Crypto-Linked Stocks Rise with Bitcoin as Analyst Says Now is Not the Time to Turn Bearish

Miners Lead the Way as Crypto-Linked Stocks Rally with Bitcoin Price Increase

On Friday, miners took the lead in the crypto market’s outperformance, with Cipher Mining (CIFR), Mawson (MIGI), and Core Scientific (CORZ) among the biggest gainers. This surge in mining stocks came as the price of Bitcoin (BTC) rose more than 3% in the last 24 hours, ending the week on a positive note.

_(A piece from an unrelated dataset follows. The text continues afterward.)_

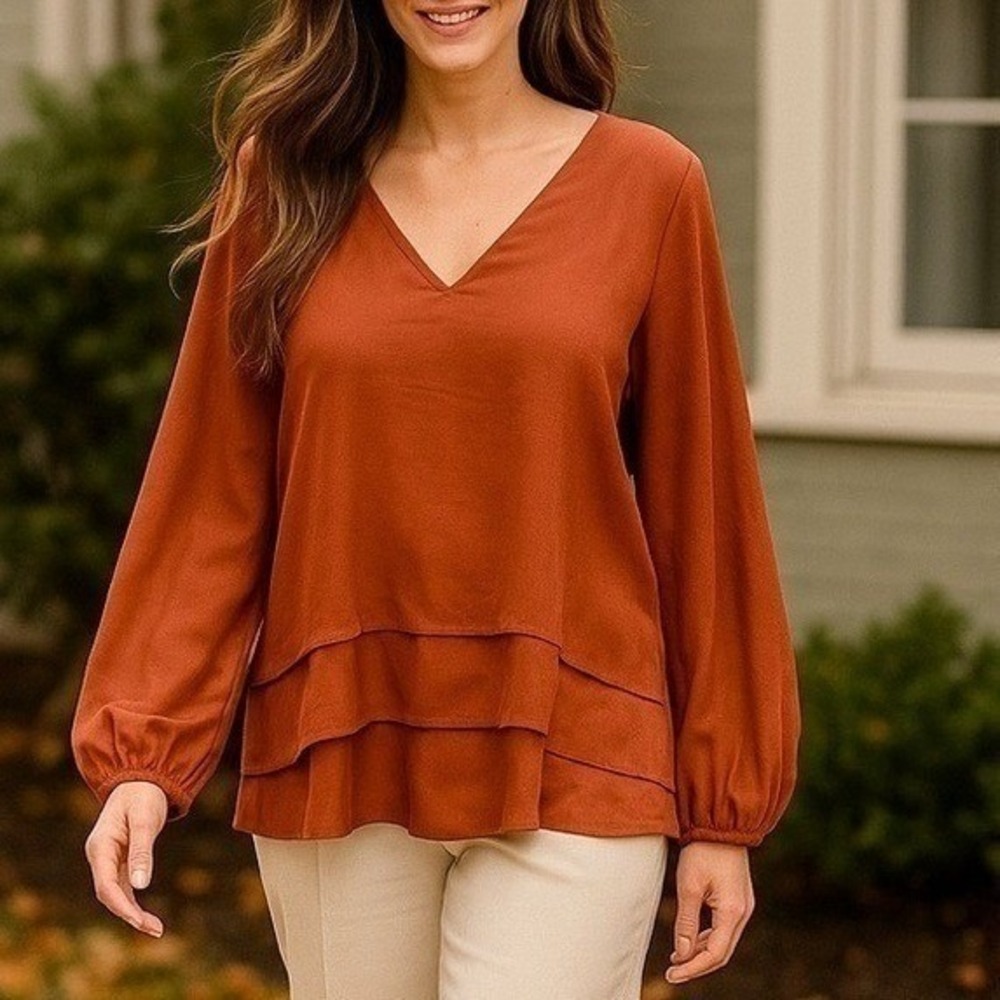 Abercrombie & Fitch Burnt Orange Long Sleeve V-Neck Flowy Blouse Shirt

Bitcoin mining companies, which are generally more exposed to price fluctuations, saw their stocks rise by 5% to 15%. This includes Cipher Mining (CIFR), Mawson (MIGI), Core Scientific (CORZ), Sphere 3D (ANY), TeraWulf (WULF), Bitfarms (BITF), Marathon Digital (MARA), and Hut 8 (HUT). Hut 8 had been particularly hard hit earlier in the week after becoming a target of a short seller.

Other crypto-linked stocks also experienced gains on Friday. Coinbase (COIN), a popular crypto exchange, and MicroStrategy (MSTR), an enterprise software company that holds Bitcoin in its balance sheet, both saw their stocks rise between 3% and 5%. MicroStrategy, often considered a proxy for Bitcoin price, currently holds around 189,000 Bitcoin after its latest purchase in December.

Coinbase, which acts as a custodian for many spot Bitcoin exchange-traded funds (ETFs), faced a roller coaster of analyst actions this week, contributing to price fluctuations. The stock was downgraded to an underweight rating by JPMorgan earlier in the week, citing a disappointing Bitcoin ETF catalyst. However, it was upgraded to outperform on Thursday by Oppenheimer, which highlighted strong company fundamentals and a resilient management team.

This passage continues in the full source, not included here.